Acte 1 : la révolution industrielle amène ici, en Martinique, les usines centrales et le train. C’est le règne du roi sucre. Les békés, dont les habitations sont sur les mornes, sont voués à la faillite car le chemin de fer n’aime pas les pentes. À la Réunion, ils deviendront « petits blancs de hauts ». Ici, ce seront les « Zabitan ». Par défi, ils tourneront le dos au sucre, décidant de distiller directement le jus de leurs cannes. Utilisant une colonne à distiller, inventée dans les îles anglaises. Le rhum “zabitan” était né. Eugène Aubéry le baptisera “agricole” pour mieux l’exporter.

Acte 2 : la Première Guerre mondiale voit le triomphe du rhum agricole : c’est le carburant du soldat. La paix reve-nue, les Zabitan sont confrontés à la crise. Leur rhum est là, debout devant eux. Sans aucun espoir de vente. Les faillites s’enchaînent. Les suicides alternent avec les fuites en Amérique, pour éviter le déshonneur.

Pourtant, un groupe de distillateurs, parmi lesquels se trouvent Homère Clément, Jacques Bally et Victor Depaz, se souvient d’un séjour à Cognac. Et de ce procédé de vieillissement en fûts de chêne d’un vin distillé importé de la Charente, de la Charente-Maritime, et de quelques enclaves en Dordogne et dans les Deux-Sèvres. Pourquoi ne pas appliquer cette méthode au rhum agricole ? Au moins ici, on n’a pas à importer la matière. Le rhum “vieux” était né.

Acte 3 : le rhum agricole, même s’il est fameux, ne représente qu’une infime partie de la production mondiale de cet alcool de jus de canne. Toujours suivant l’exemple de Cognac, les rhumiers martiniquais se battront pour obtenir une AOC (Appellation d’Origine Contrôlée). Ce sésame leur sera octroyé en 1996.

Acte 4 : l’AOC n’a été donnée qu’au rhum agricole martiniquais. Le cahier des charges qui l’accompagne est des plus chers et contraignants. Du coup, il ne reste que 7 distilleries fonctionnant en Martinique ; la majorité appartient à des groupes européens. Nouvelle mort de notre eau de vie patrimoniale ?

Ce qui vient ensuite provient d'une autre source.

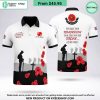 Lest We Forget They Gave Their Tomorrow So We Could Have Our Today Polo Shirt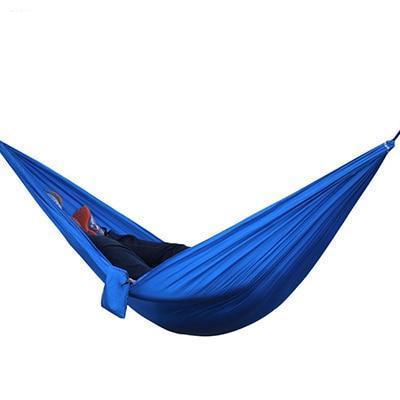 Backpacking Hammock - Portable Nylon Parachute Hammock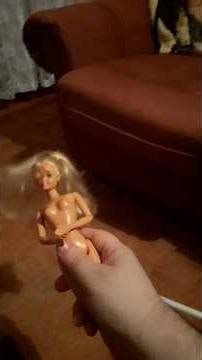 Destroying Barbie #doll #barbie #destroy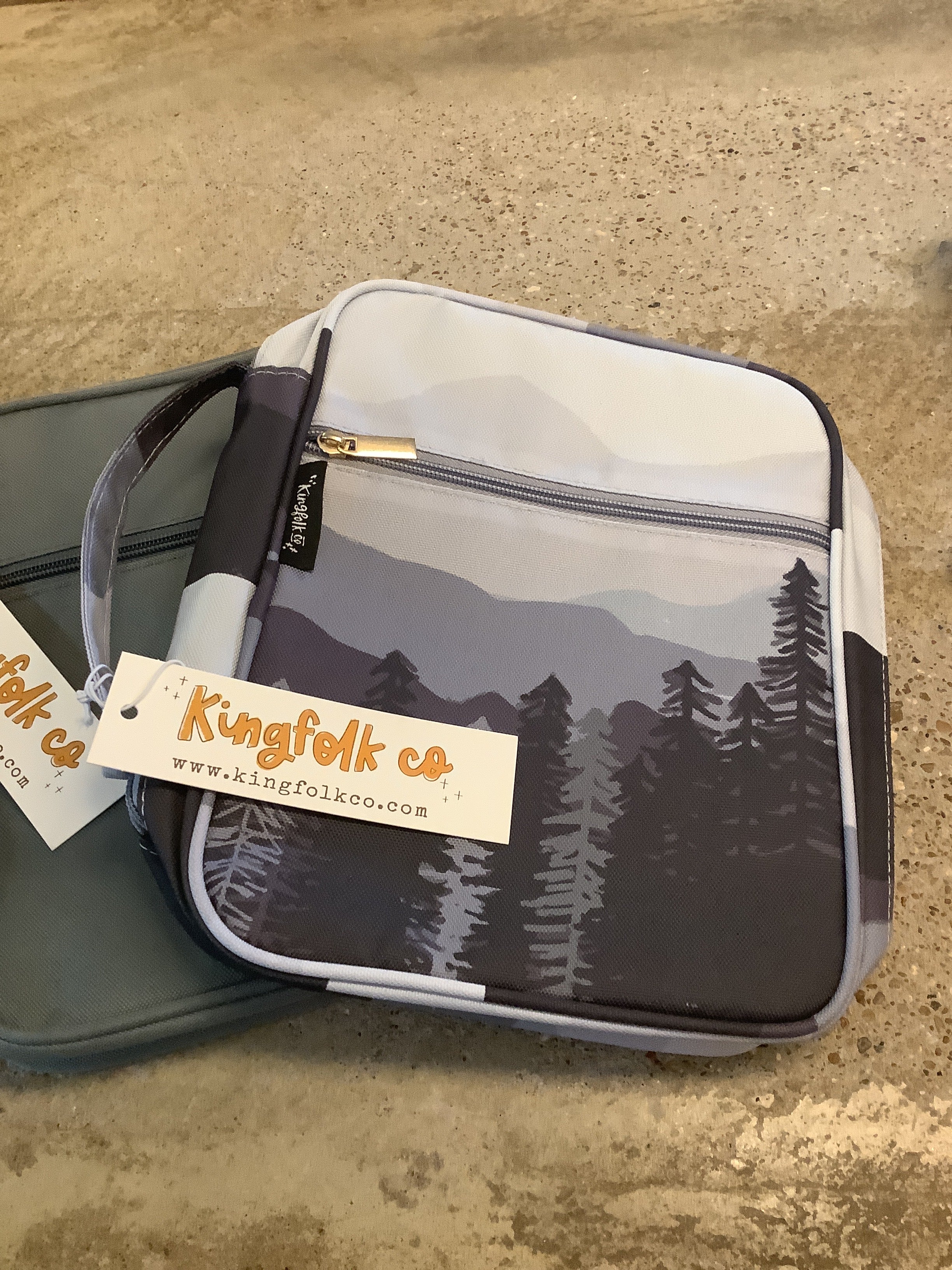 Kingfolk Co. Bible Bag Forest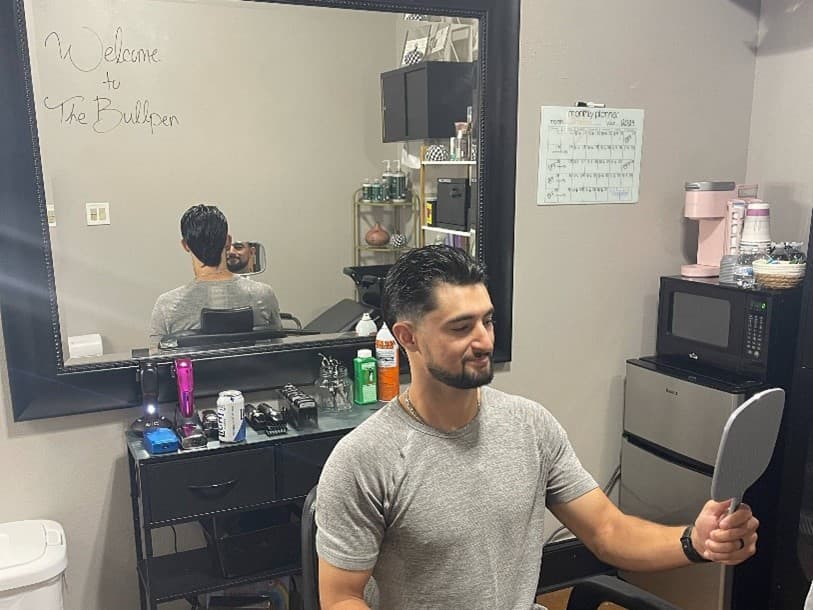 New Men's Barbering Salon 'The Bullpen' Opens in Arlington, Texas
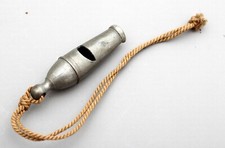 Alte Pfeife Metall # 3462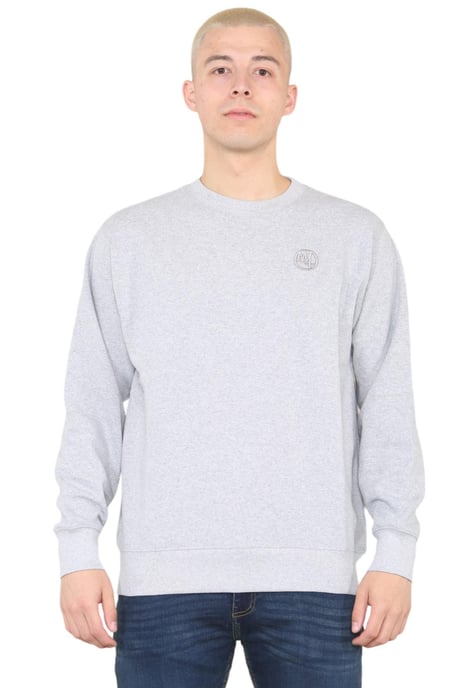 MYT Mens Crewneck Pullover Sweatshirt in Grey - Image 1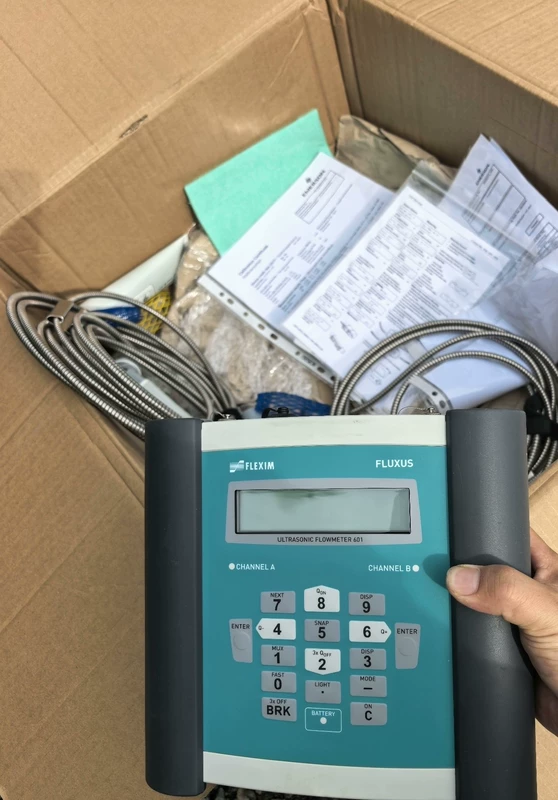 FLEXIM G601 Ultrasonic Flow Meter for Precise Measurement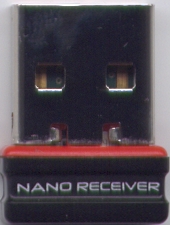 非 Unifying ナノ レシーバー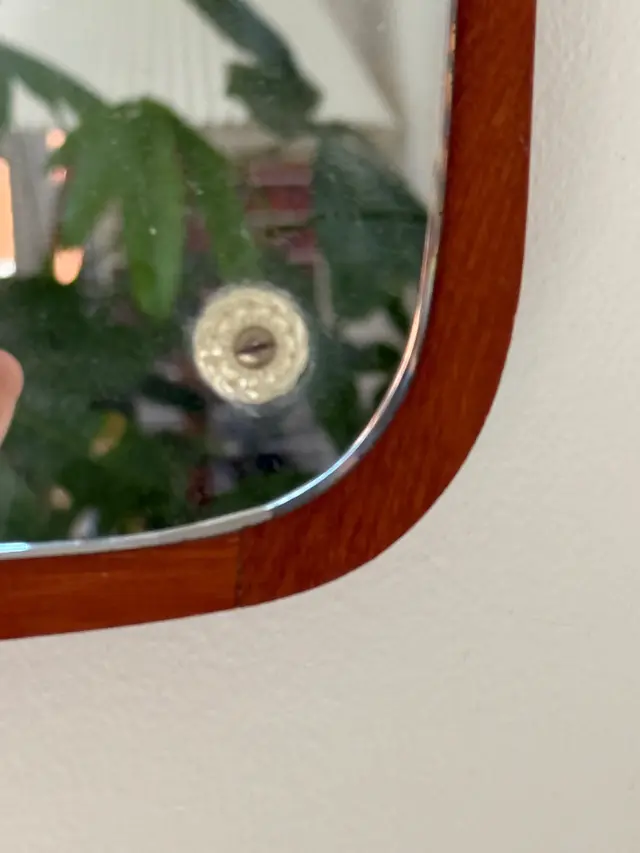 וינטג׳ ורטרו בדנמרק — מראה טיק אמצע המאה. Decor, יד שניה מקופנהגן | דייניש | Field Notes & Finds
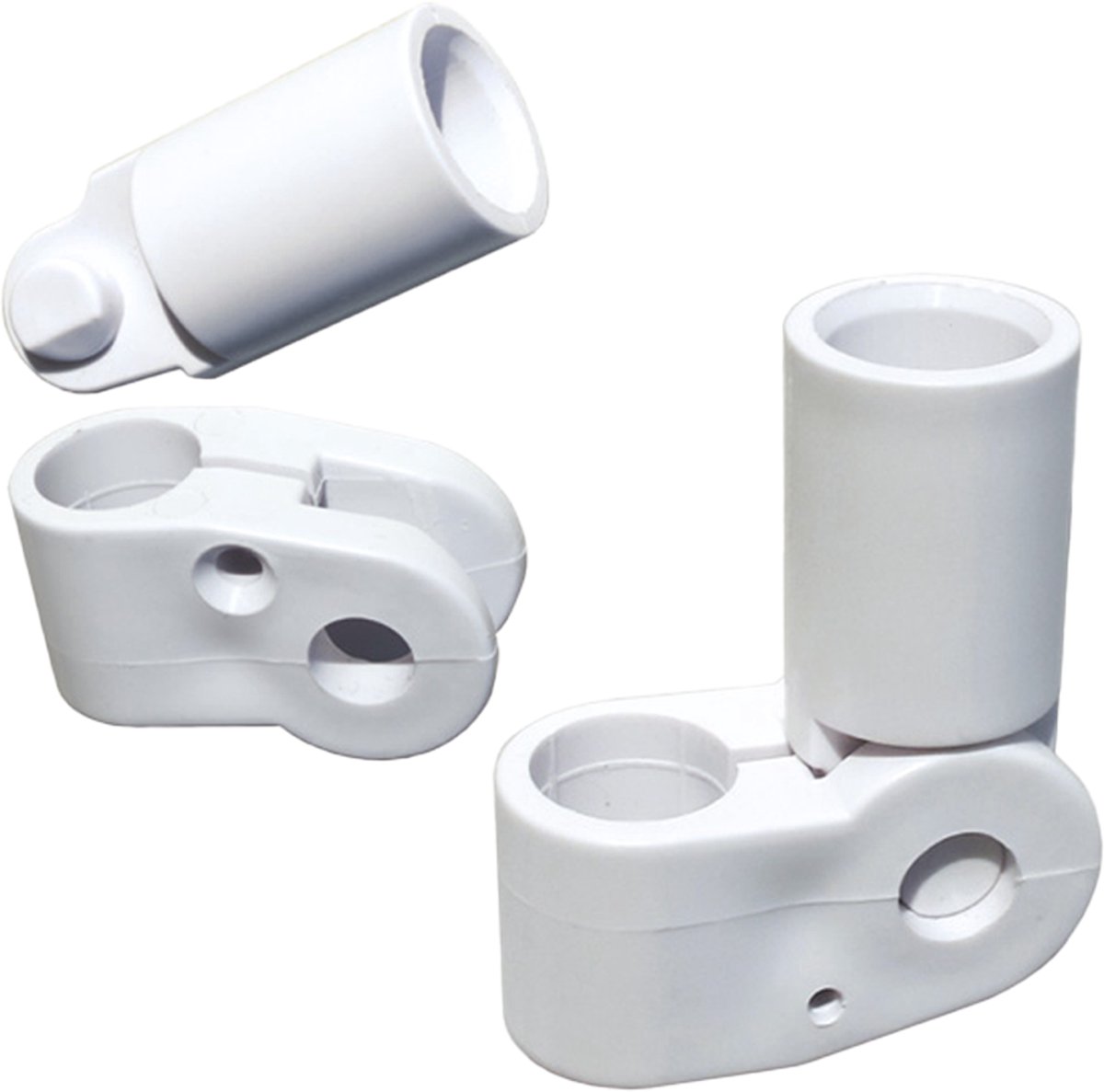 Italy - Bimini Gniazdo met Rits - 20 mm - Weerbestendig Nylon - UV-bestendig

Depuis quelques années, les rhums Clément et JM mènent une action intéressante à ce sujet : conquérir le marché mondial du haut de gamme des spiritueux. Une démarche qui compte deux atouts : le rhum vieux et le ti punch.

« Vous comprenez, explique un responsable, le marché local n’est pas extensible. Plus de 48 millions de bouteilles de rhum sont consommées chaque année en France : 33 millions dans l’Hexagone et 15 millions dans les DOM. Cognac exporte 90% de sa production vers l’étranger et nous n’exportons qu’à peine 30% de notre production de rhum agricole vers l’Europe et le monde. Que feriez-vous à notre place ? »

Cela rappelle cette époque des années 1920 où un Jack Bally faisait un flacon en cristal pour contenir ses premières cuvées de rhum vieux.